When I talk to my clients about blogging the first question I get is “who’s going to read it?” They are overwhelmed by the blogosphere and wonder that their blog will be just a drop of water in a very large sea of content. It’s a reasonable question and a reasonable concern. It’s just the wrong question.
So what is the right question? First we need to understand the function and value of a blog post as it relates to promoting yourself or your business. I always describe a blog as a conversation over a cup of coffee: a conversation with a colleague, a conversation with a customer or perhaps a conversation with a prospect.
Conversations With Your Prospects
When you meet with a prospect do you pull out your marketing literature and recite it verbatim? I hope not. So what DO you say?
My guess is it would be a variation on a traditional sales approach: exchange pleasantries, talk about his business, get an idea of his goals, challenges and needs.
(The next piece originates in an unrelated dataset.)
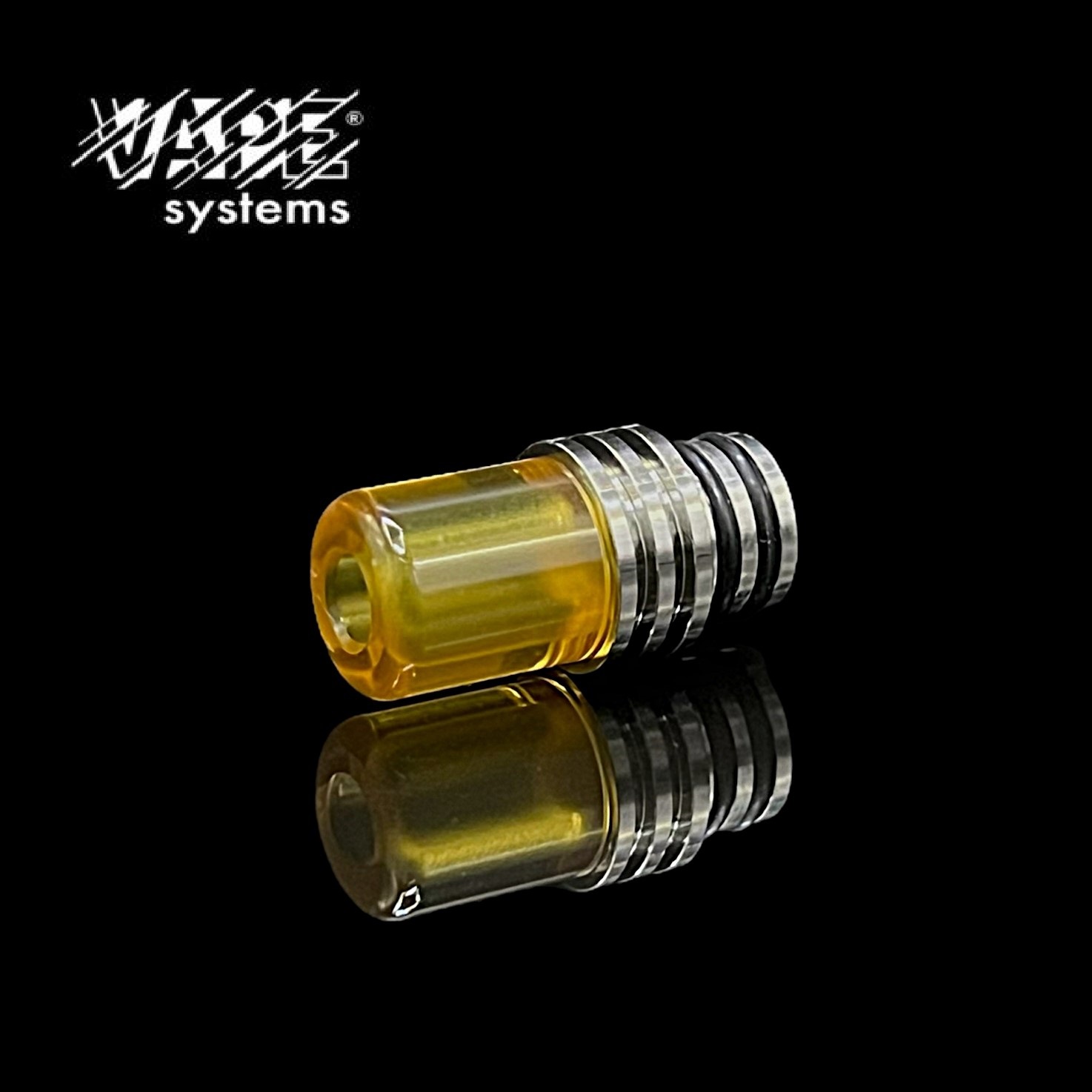 Combi Ultem/Inox Drip Tip - Vape Systems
The next step would likely be to identify areas where your product or service can help him with his goals, challenges and needs.
You’ll explain your understanding of his problems and suggest ways you could help. You’ll cite some use cases and specific examples.
That is a blog post.
Conversations With Your Customers
Your customer calls you up to ask for some advice. You listen carefully to the issue. What’s your next step? Mail out some marketing material? Maybe, but most likely you’ll proceed to dole out your wisdom in the effective use of your product for her particular situation. Or maybe there’s a complimentary product or service you recommend.
That is a blog post.
Conversations With Your Colleagues
If you’re like me you like to talk about issues relating to your industry with co-workers, colleagues and other industry professionals. Where is the market going? What are the challenges? How can we improve? How do we educate the marketplace?
Those are blog posts.
So Who’s Going To Read My Blog?
Who’s going to read your blog posts? Your prospects, customers and colleagues, for starters. What makes a blog different than your conversation over a cup of coffee is one simple factor: sharing. When your customer gets off the phone after a great conversation with you, where she received some great advice, she might be excited enough to tell some of her co-workers and colleagues. But the impact will be diminished. She can’t share your conversation. Ah, but she can share a blog post.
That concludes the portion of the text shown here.